- [Assignment]: Set down exactly, with nothing added, the lines from the one containing "混凝土坍落度现场测试记录.docx_第1页" through the end of the entries.

(Crawled caption data)
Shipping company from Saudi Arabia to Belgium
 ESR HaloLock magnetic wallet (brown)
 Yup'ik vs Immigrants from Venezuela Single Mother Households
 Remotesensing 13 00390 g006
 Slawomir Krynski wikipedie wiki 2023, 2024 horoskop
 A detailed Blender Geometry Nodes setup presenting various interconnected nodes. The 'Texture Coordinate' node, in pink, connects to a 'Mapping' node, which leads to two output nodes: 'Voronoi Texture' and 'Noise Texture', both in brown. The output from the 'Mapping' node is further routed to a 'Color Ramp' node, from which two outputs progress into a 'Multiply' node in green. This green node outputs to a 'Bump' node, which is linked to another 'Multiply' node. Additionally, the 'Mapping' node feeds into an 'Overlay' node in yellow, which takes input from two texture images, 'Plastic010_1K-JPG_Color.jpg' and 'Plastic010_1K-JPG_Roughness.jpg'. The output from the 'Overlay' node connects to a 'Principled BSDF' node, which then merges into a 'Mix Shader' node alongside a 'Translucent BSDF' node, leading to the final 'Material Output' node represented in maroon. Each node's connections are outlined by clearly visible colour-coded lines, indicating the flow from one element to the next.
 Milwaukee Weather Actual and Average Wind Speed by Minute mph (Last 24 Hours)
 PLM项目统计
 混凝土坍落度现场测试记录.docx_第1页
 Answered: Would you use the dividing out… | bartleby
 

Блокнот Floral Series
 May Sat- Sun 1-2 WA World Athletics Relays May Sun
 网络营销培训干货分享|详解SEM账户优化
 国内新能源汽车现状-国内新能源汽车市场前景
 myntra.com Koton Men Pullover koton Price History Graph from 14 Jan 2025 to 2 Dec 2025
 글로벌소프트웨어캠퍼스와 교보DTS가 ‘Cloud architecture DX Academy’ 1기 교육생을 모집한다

- [Completed exercise]:
 混凝土坍落度现场测试记录.docx_第1页
 Answered: Would you use the dividing out… | bartleby
 

Блокнот Floral Series
 May Sat- Sun 1-2 WA World Athletics Relays May Sun
 网络营销培训干货分享|详解SEM账户优化
 国内新能源汽车现状-国内新能源汽车市场前景
 myntra.com Koton Men Pullover koton Price History Graph from 14 Jan 2025 to 2 Dec 2025
 글로벌소프트웨어캠퍼스와 교보DTS가 ‘Cloud architecture DX Academy’ 1기 교육생을 모집한다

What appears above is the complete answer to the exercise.